SUPPLIED INFORMATION =>

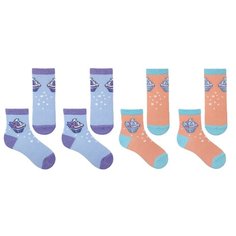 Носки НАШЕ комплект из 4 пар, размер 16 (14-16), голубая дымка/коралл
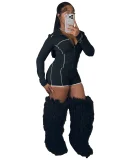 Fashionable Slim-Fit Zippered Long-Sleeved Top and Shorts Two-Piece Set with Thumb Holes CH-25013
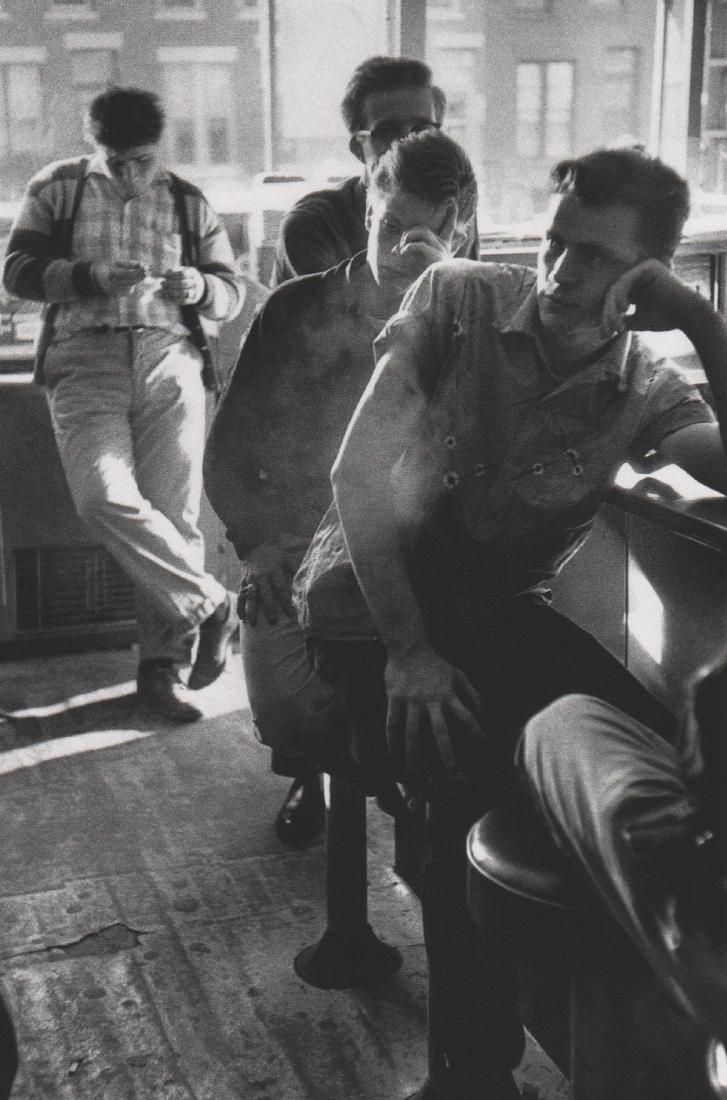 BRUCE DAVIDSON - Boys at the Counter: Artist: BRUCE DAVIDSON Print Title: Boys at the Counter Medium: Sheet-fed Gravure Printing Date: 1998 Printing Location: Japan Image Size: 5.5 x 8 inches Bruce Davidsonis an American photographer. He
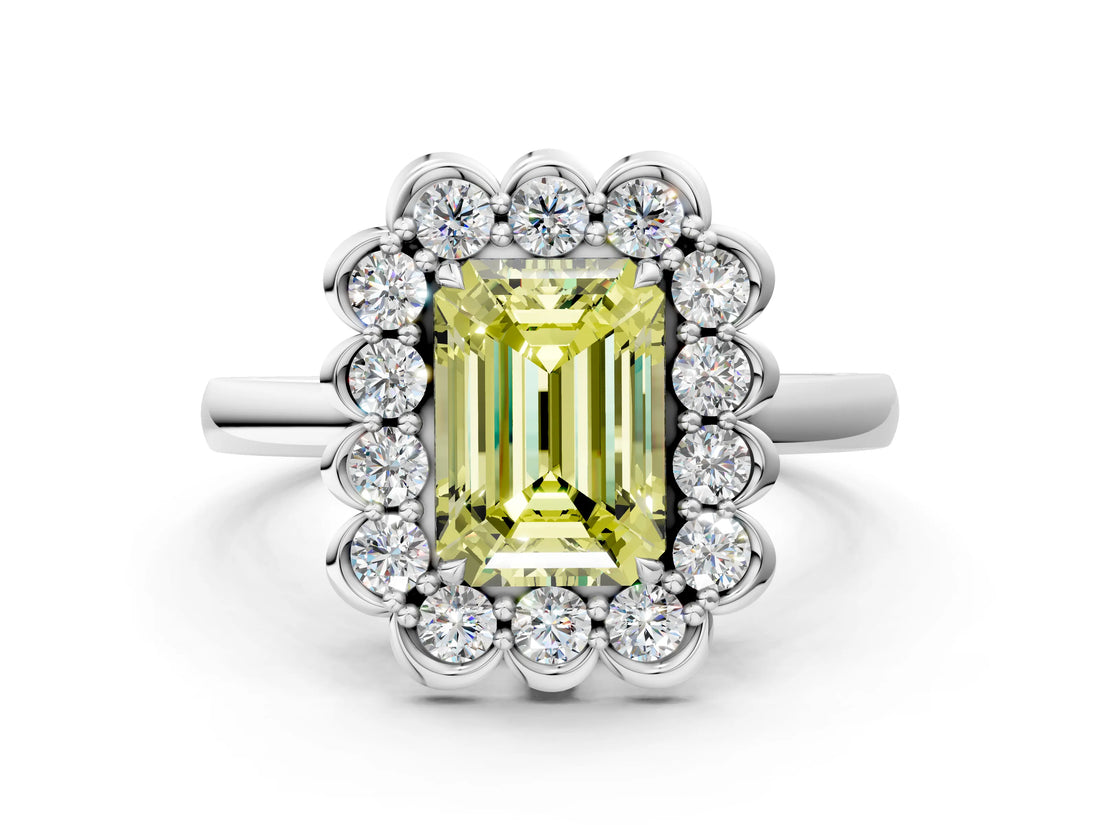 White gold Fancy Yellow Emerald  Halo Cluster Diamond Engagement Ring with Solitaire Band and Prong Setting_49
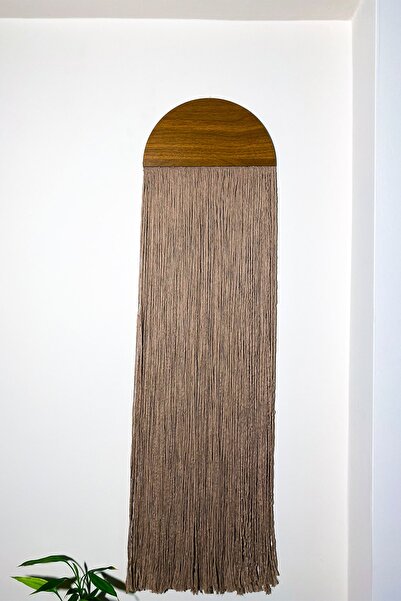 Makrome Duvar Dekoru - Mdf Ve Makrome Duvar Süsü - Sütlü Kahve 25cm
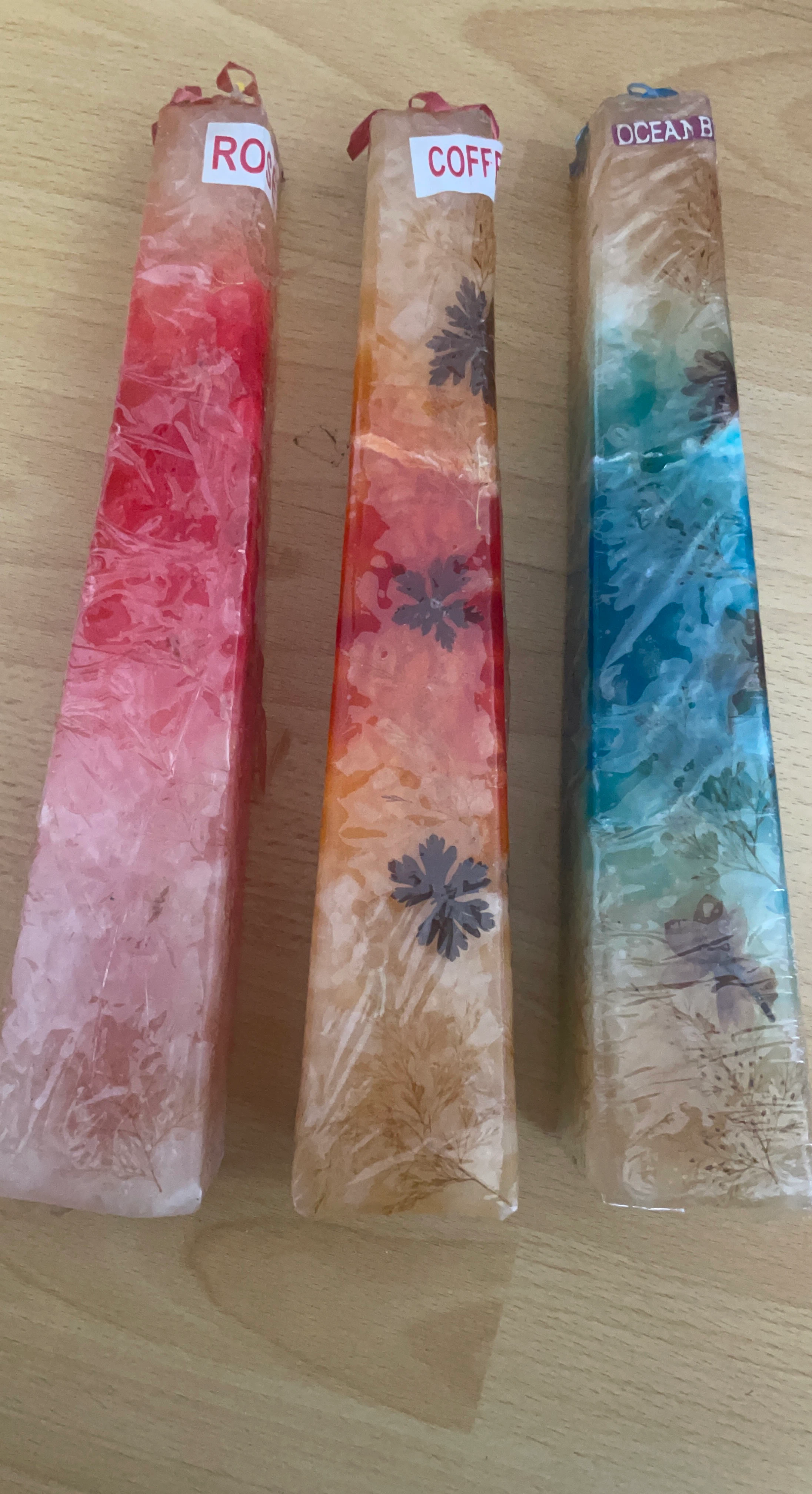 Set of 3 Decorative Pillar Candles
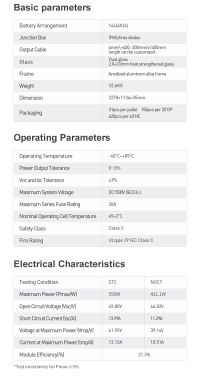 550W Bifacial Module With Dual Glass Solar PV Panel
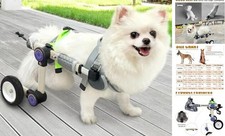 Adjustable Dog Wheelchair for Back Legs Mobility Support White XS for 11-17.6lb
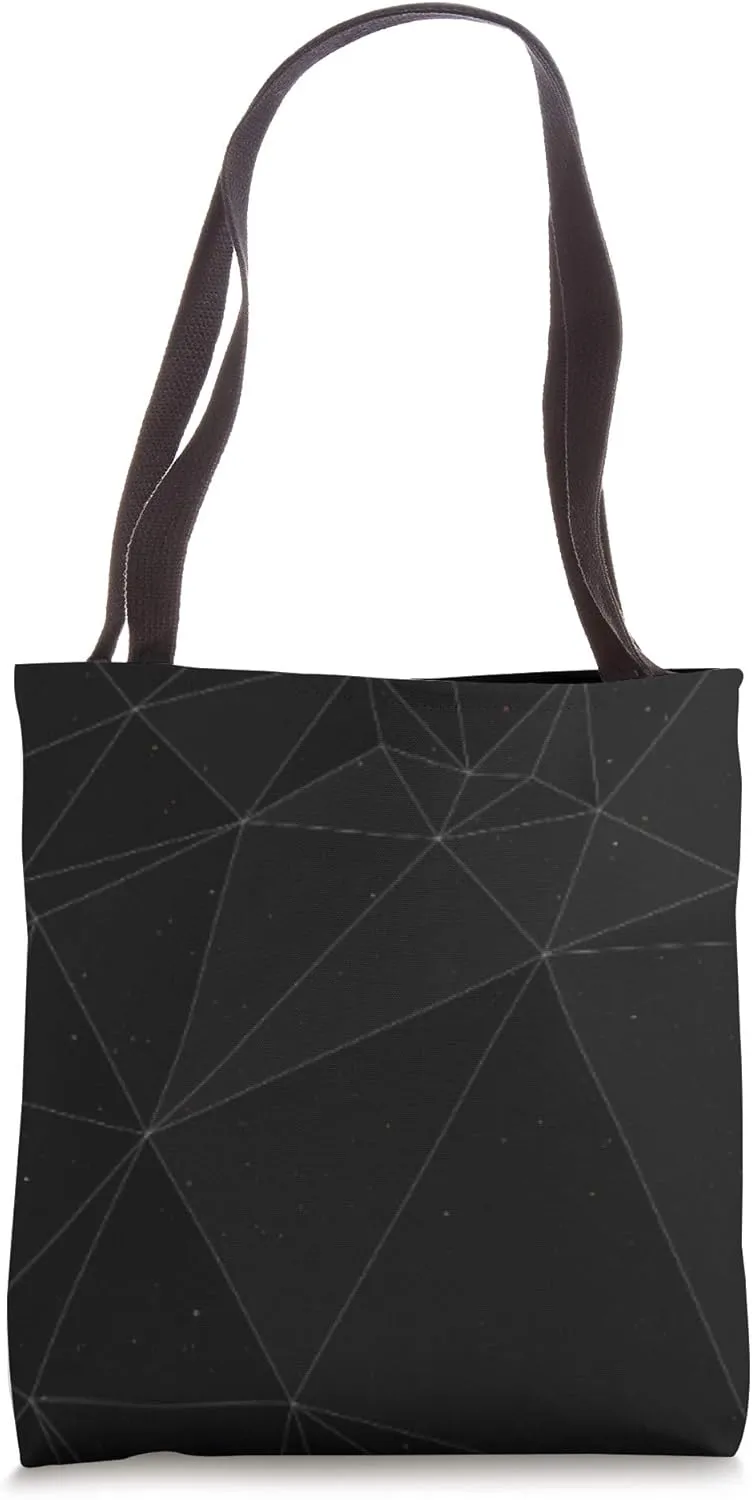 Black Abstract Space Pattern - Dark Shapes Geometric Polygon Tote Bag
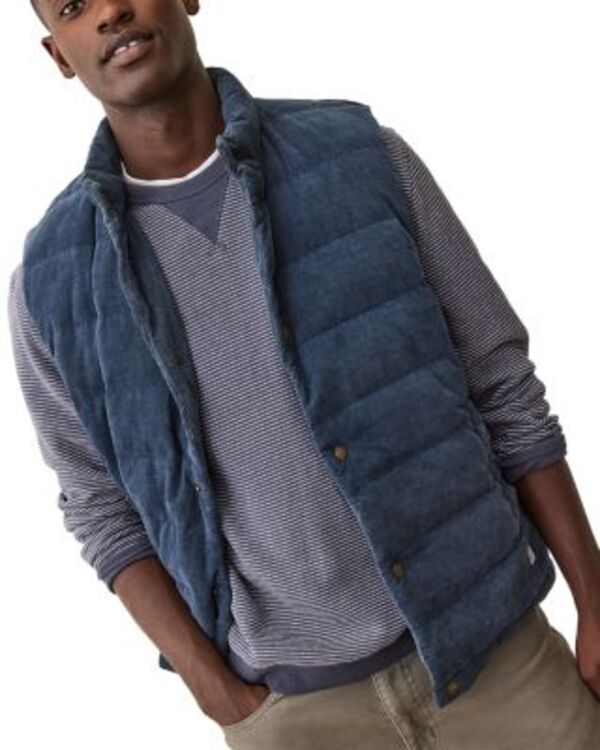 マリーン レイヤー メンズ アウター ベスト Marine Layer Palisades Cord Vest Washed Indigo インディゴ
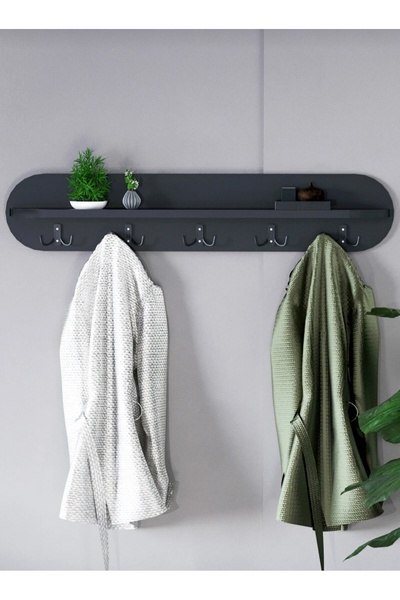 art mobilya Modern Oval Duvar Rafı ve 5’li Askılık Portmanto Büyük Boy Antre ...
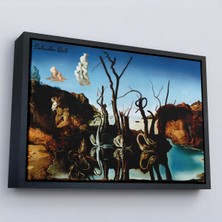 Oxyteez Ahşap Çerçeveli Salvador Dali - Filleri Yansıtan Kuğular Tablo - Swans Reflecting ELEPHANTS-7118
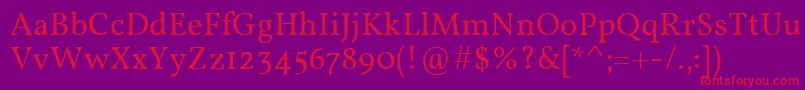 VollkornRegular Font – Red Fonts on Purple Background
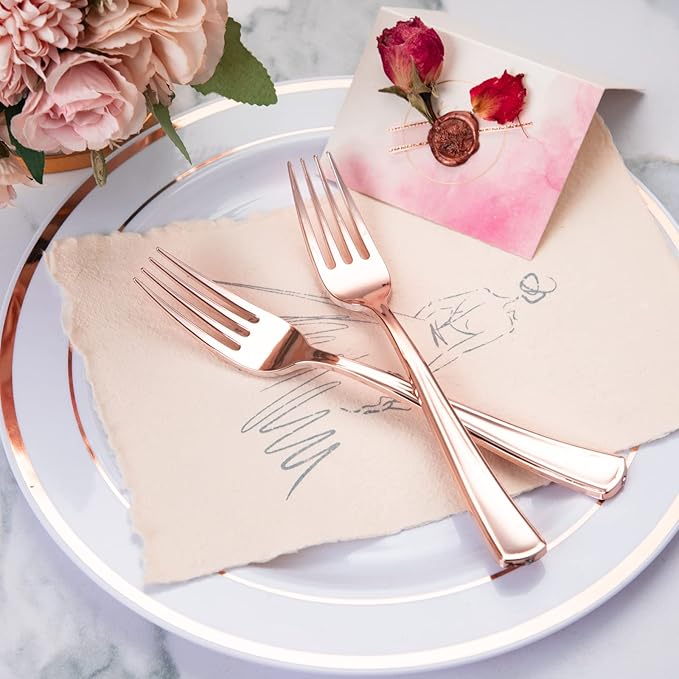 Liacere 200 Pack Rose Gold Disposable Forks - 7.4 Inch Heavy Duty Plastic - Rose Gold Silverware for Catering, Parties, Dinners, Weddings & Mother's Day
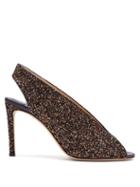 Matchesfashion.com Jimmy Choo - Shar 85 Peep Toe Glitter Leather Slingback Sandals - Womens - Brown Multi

PROBLEM TO SOLVE =>
Every line above in the stretch from the one with "Set of 3 Decorative Pillar Candles" through the one with "Oxyteez Ahşap Çerçeveli" is to be transcribed exactly, ends included. No picture is copied.

SOLUTION TO THIS PROBLEM =>
 Set of 3 Decorative Pillar Candles
 550W Bifacial Module With Dual Glass Solar PV Panel
 Adjustable Dog Wheelchair for Back Legs Mobility Support White XS for 11-17.6lb
 Black Abstract Space Pattern - Dark Shapes Geometric Polygon Tote Bag
 マリーン レイヤー メンズ アウター ベスト Marine Layer Palisades Cord Vest Washed Indigo インディゴ
 art mobilya Modern Oval Duvar Rafı ve 5’li Askılık Portmanto Büyük Boy Antre ...
 Oxyteez Ahşap Çerçeveli Salvador Dali - Filleri Yansıtan Kuğular Tablo - Swans Reflecting ELEPHANTS-7118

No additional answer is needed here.